Excluding every picture, print exactly the lines from the one containing "Obsessive Tulia set" through the end of the material below, both ends included.

→ **Information shown**:
—————
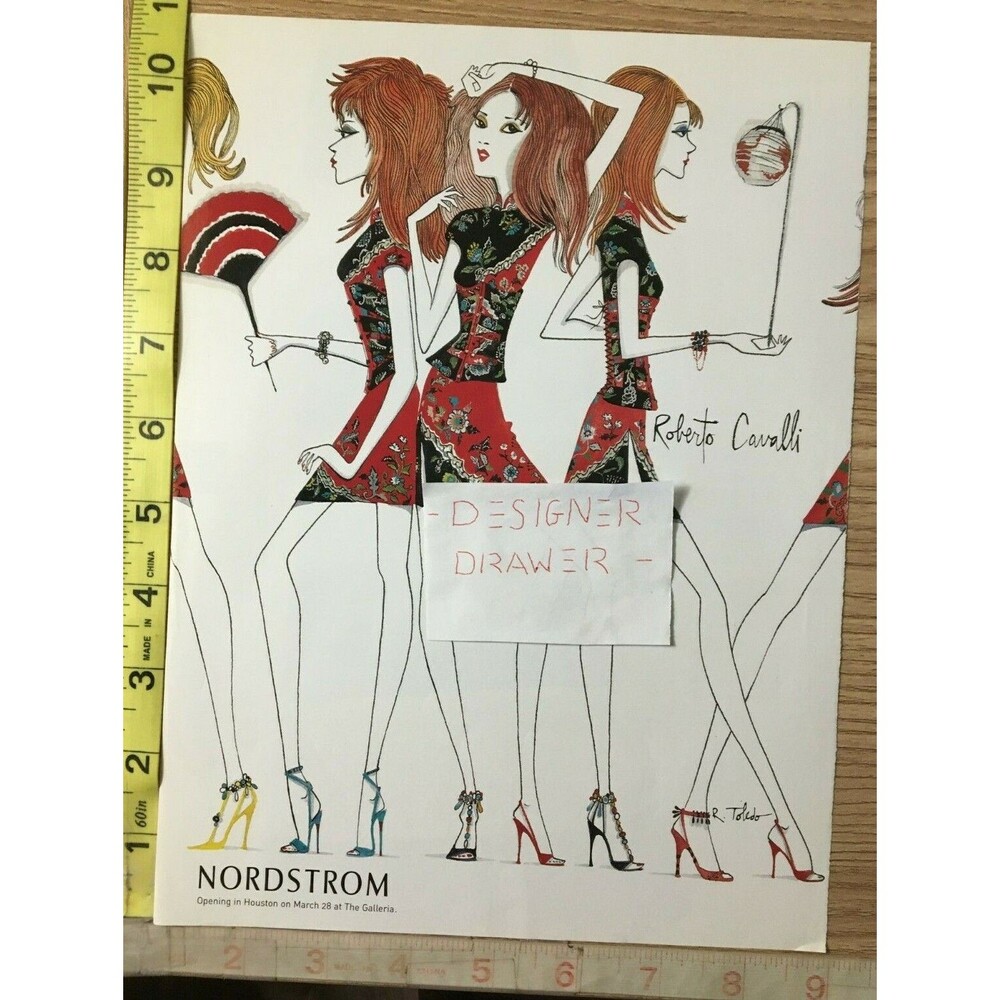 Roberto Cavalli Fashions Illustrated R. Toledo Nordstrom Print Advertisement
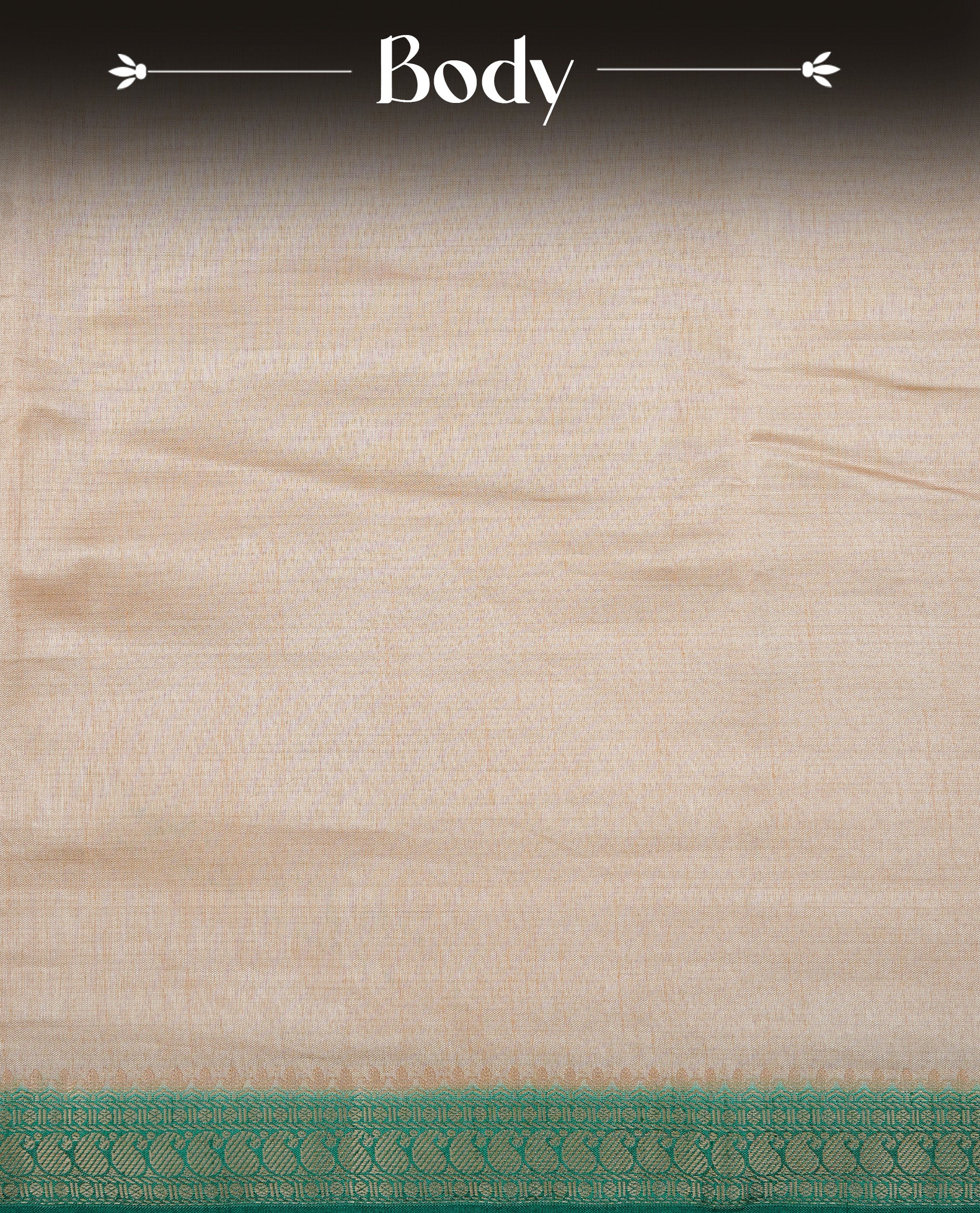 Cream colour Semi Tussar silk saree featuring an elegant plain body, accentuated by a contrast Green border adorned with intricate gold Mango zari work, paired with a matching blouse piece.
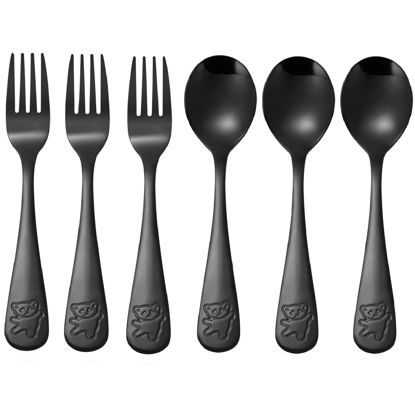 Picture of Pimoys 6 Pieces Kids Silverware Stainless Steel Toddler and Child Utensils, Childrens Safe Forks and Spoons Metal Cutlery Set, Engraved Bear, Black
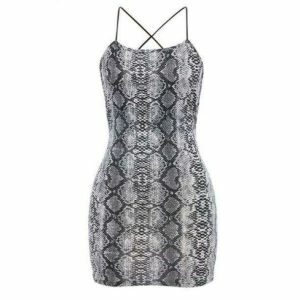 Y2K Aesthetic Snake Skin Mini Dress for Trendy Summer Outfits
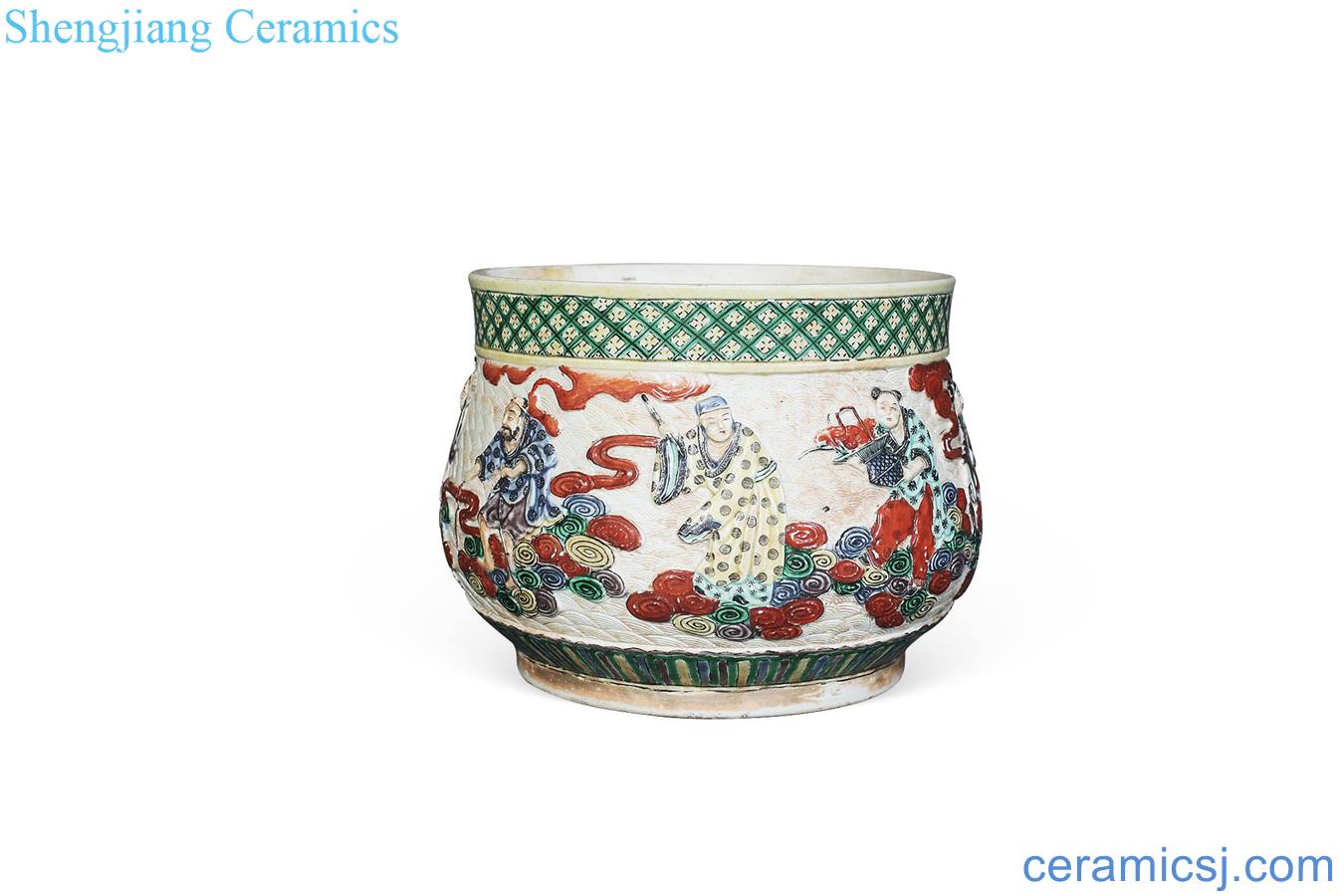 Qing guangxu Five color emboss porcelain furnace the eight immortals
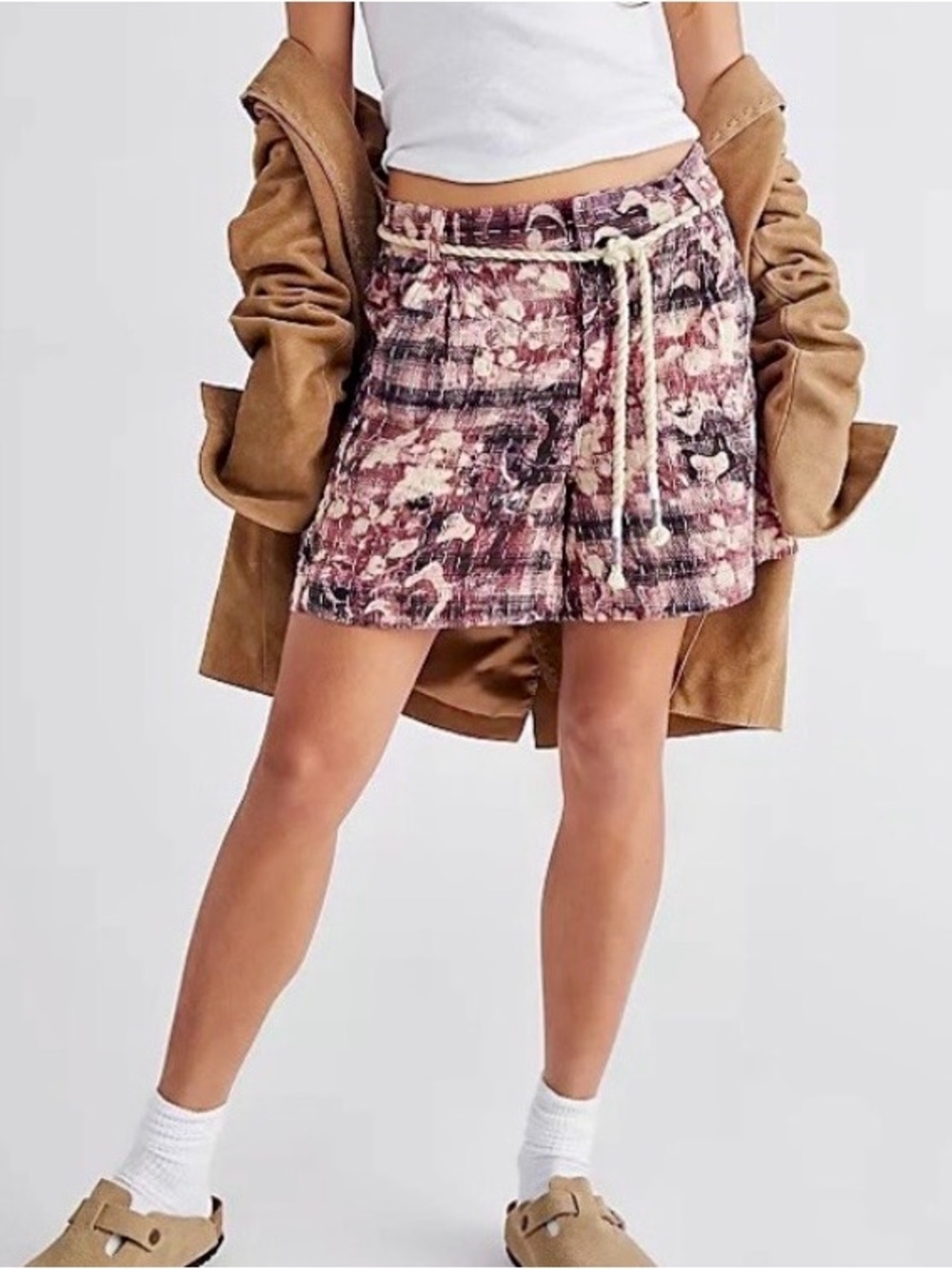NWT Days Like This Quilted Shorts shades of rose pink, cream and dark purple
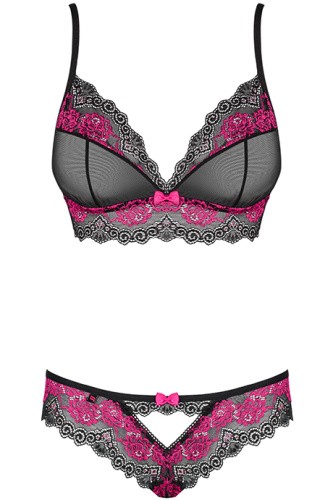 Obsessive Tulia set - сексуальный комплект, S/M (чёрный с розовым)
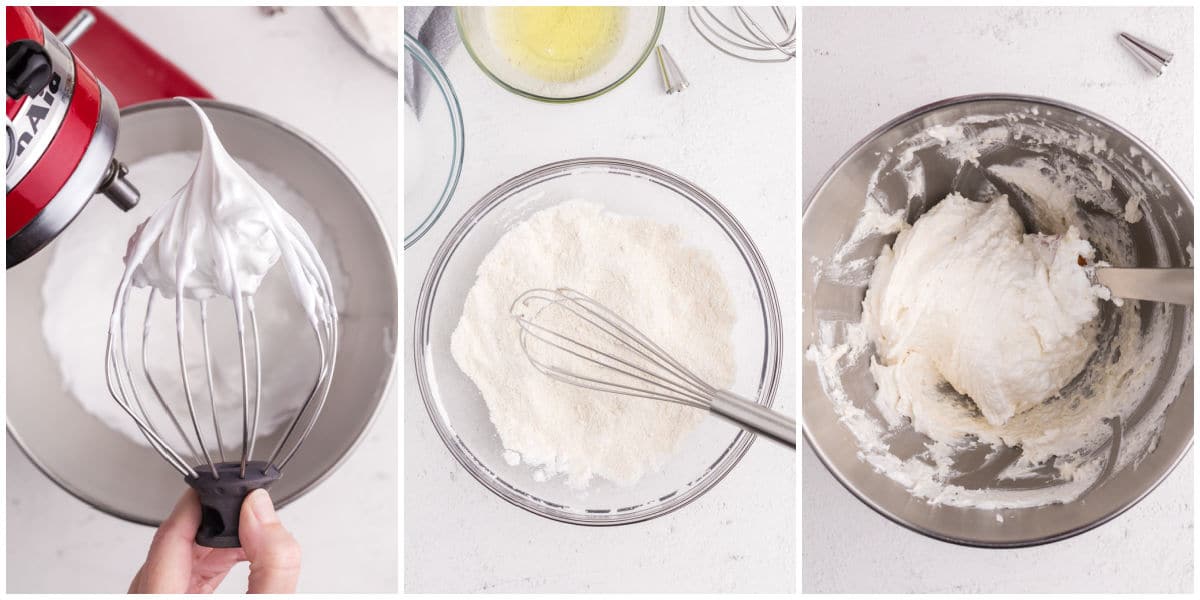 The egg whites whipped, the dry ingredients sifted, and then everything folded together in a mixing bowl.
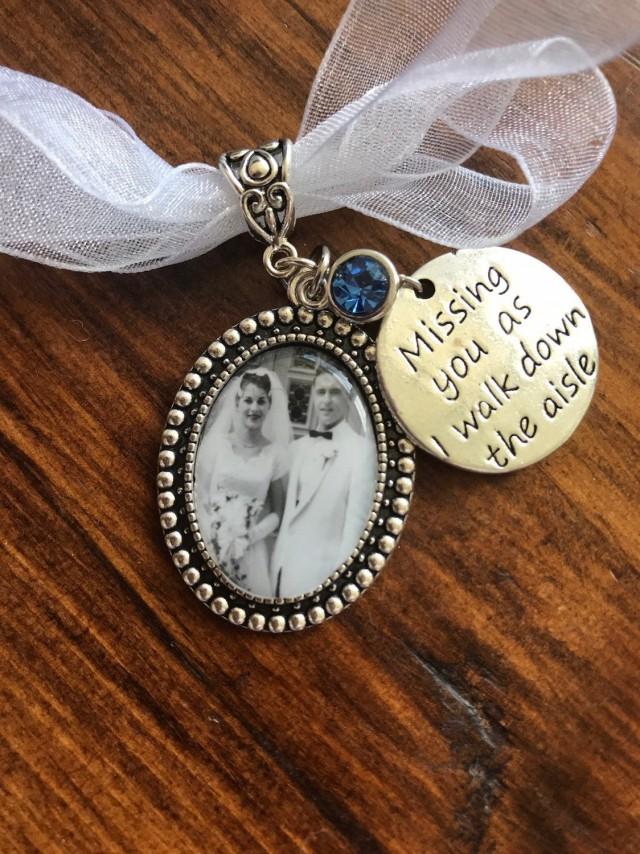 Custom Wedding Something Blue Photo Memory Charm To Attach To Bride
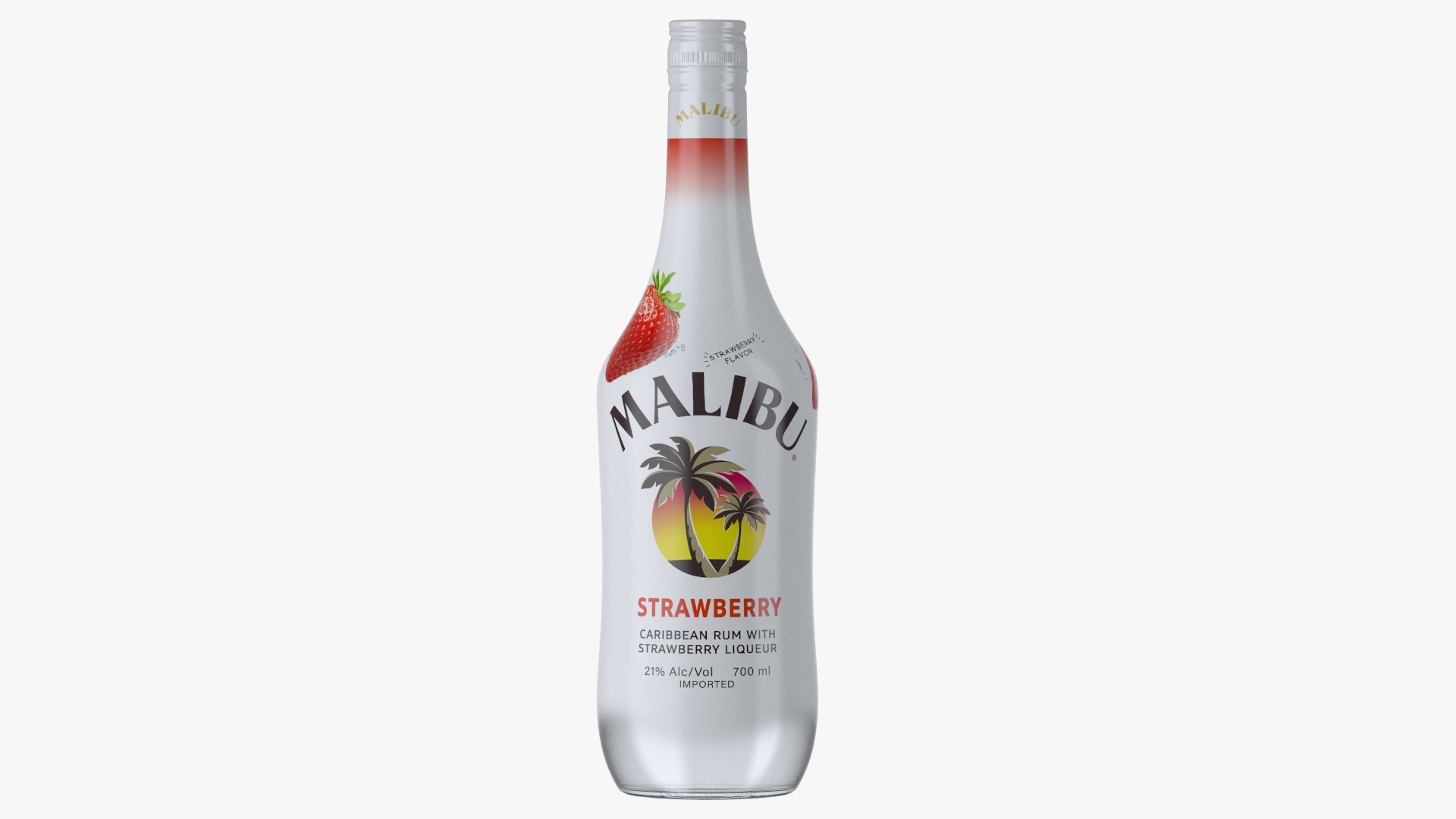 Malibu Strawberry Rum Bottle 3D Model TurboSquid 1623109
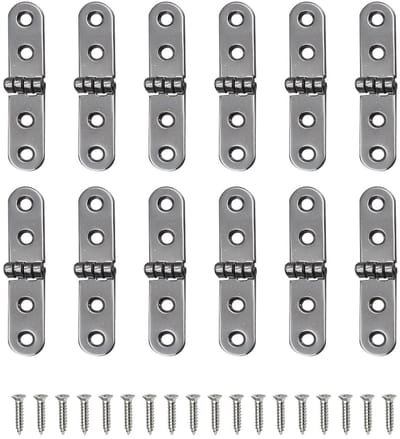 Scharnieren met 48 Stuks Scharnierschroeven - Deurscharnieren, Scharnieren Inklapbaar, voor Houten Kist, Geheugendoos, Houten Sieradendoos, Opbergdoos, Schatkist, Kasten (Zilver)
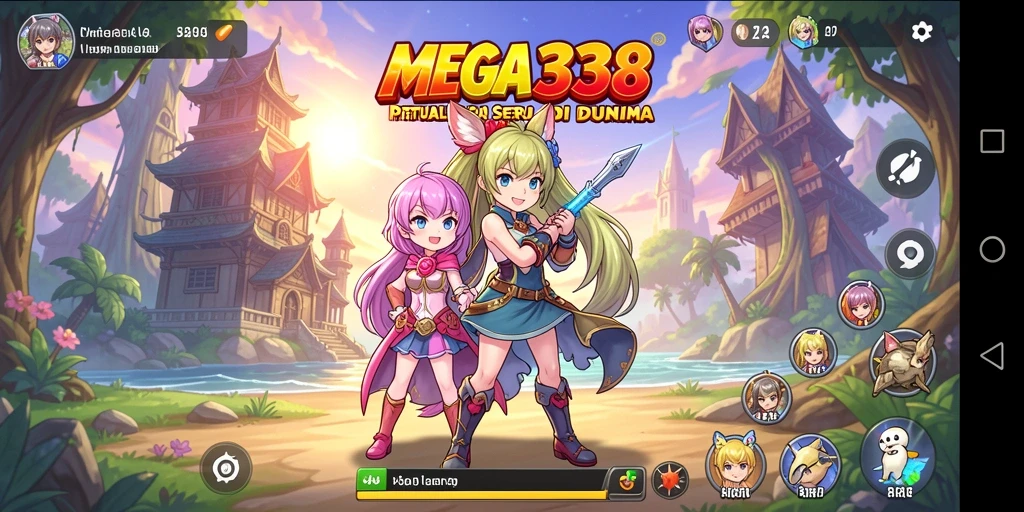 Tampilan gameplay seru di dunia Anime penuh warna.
—————
→ **Task solution**:
 Obsessive Tulia set - сексуальный комплект, S/M (чёрный с розовым)
 The egg whites whipped, the dry ingredients sifted, and then everything folded together in a mixing bowl.
 Custom Wedding Something Blue Photo Memory Charm To Attach To Bride
 Malibu Strawberry Rum Bottle 3D Model TurboSquid 1623109
 Scharnieren met 48 Stuks Scharnierschroeven - Deurscharnieren, Scharnieren Inklapbaar, voor Houten Kist, Geheugendoos, Houten Sieradendoos, Opbergdoos, Schatkist, Kasten (Zilver)
 Tampilan gameplay seru di dunia Anime penuh warna.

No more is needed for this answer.